I'm currently working on bits and bobs at the moment: with the weather having suddenly switched from winter straight into mid-summer there's too many jobs in the garden to occupy my time. Its a fact of life that unpainted metal figures have infinite patience, while vegetables require attention when weather permits. And anyone observing Mitchell Towers at just the right time of night will see me out there, torch in hand, engaged in a savage battle of man versus slug.
One task have have finally gotten round to is to add a little polish to the river sections I created for BlastHof (hence the Cheesy title). The most accurate representation of a stream would use subtle colouring to indicate the reflection of sky and banks in the water. I decided that wouldn't do at all though. I think that with 'water' thats really no more than a few coats of varnish, this would not give the effect of depth that I want.

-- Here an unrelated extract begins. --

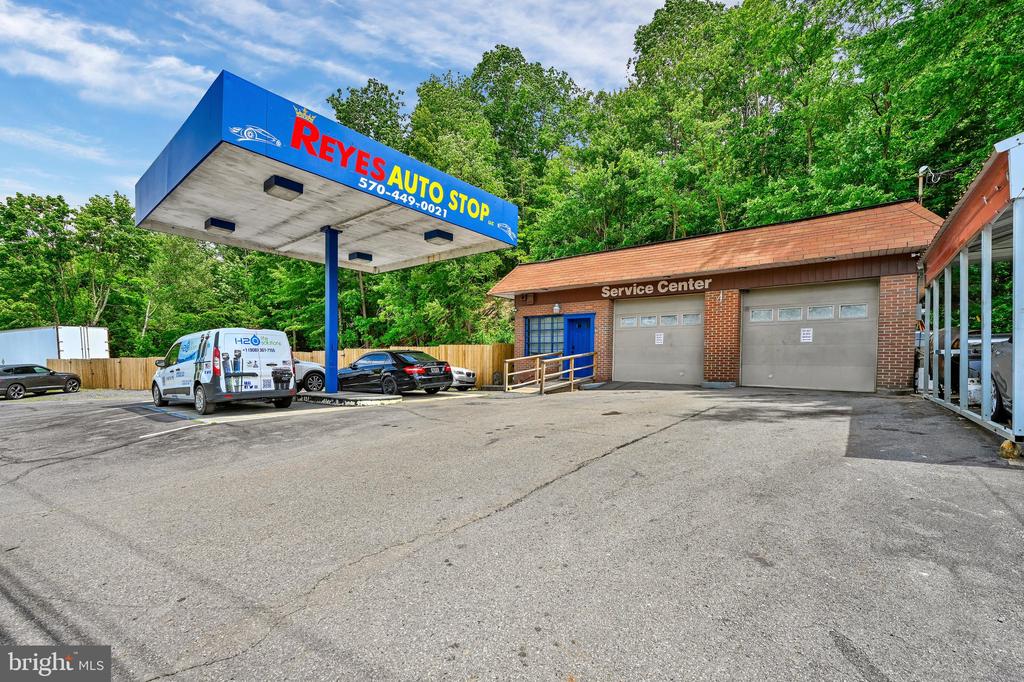 640 Port Carbon Saint Clair Hwy, Pottsville, PA 17901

So my stream sections use a black undercoat with nothing more than a fairly light drybrushing of medium blue on top. The drybrushing is concentrated towards the centre of the stream so that its 'banks' are casting their shadows. Its not realistic: I don't think I've ever seen a stretch of water at all like this, but it does give the impression of something with a depth of more than a fraction of a millimetre.
I've glued sand onto the banks themselves using PVA. I also experimented with using static grass to represent aquatic plants at the stream borders, but this didn't work too well so I abandoned it after a bit. I think you'd need larger bristles to represent this type of vegetation. There are other embellishments that could be added - such as grit to represent rock - but as stuff like this would make it harder to place figures I think we are moving away from practical wargames terrain into the province of diorama makers. After all, I've already deviated far from the chalked-on water features in Charge!.

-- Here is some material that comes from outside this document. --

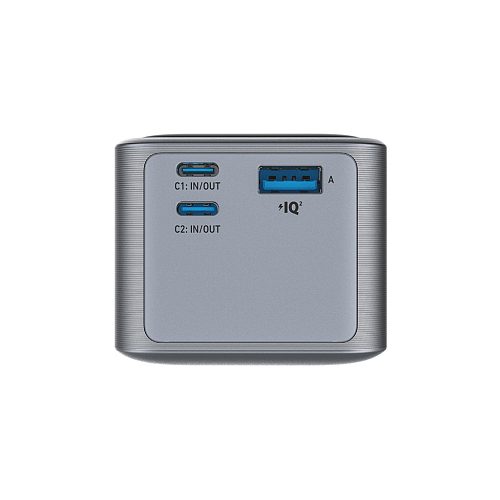 Powerbank Anker Prime 250W de 27.650 mAh 3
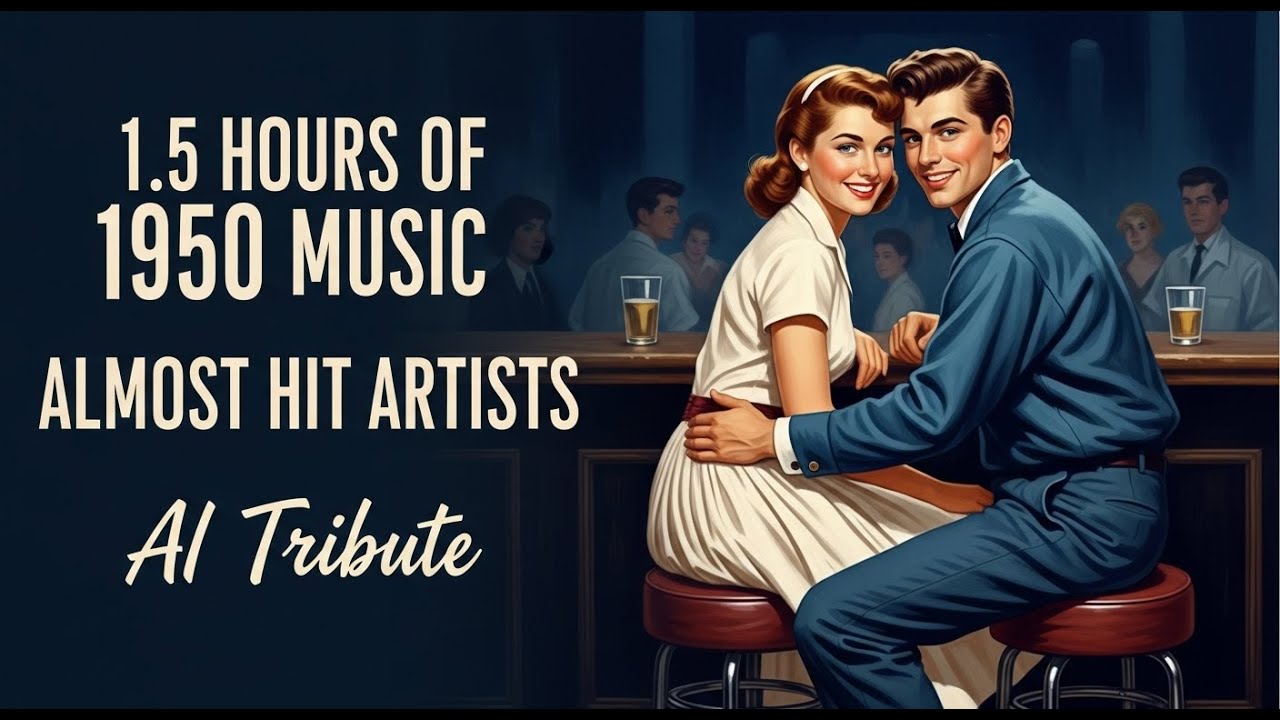 What Happens When You Mix Romance and Vinyl?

On the figures front, I'm slowly painting an officer to lead the Cuirassiers. The Suren figure has its hand sticking out to the front in an attitude that doesn't seem to serve any particular purpose. So I decided to bend this down to a position close to the reins; a pose that looks far more natural. The problem here, of course, is that metal figures don't have elbows so the entire upper arm bends in a gradual curve rather than getting a sharp bend at just the elbow (which would probably snap the arm if you managed it anyway). To fix this I filled in the inside of the arm with milliput and then filed the outside of the arm to remove the curve.

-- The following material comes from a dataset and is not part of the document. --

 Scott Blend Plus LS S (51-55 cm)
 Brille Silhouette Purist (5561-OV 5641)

As the only officer painted so far, this gentleman will get to lead the entire regiment (albeit of only two squadrons at the moment). Later on he'll be demoted to squadron commander: the final complement of officers will have two more like him, plus a converted 'special' in overall command.
Suren Cuirassier Officer (Stadden Horse)
I am starting to think I ought to photo my figures before I start painting them: I can see a bit of mold line in the photo that had quite escaped my notice. Oh well, time to get the file out.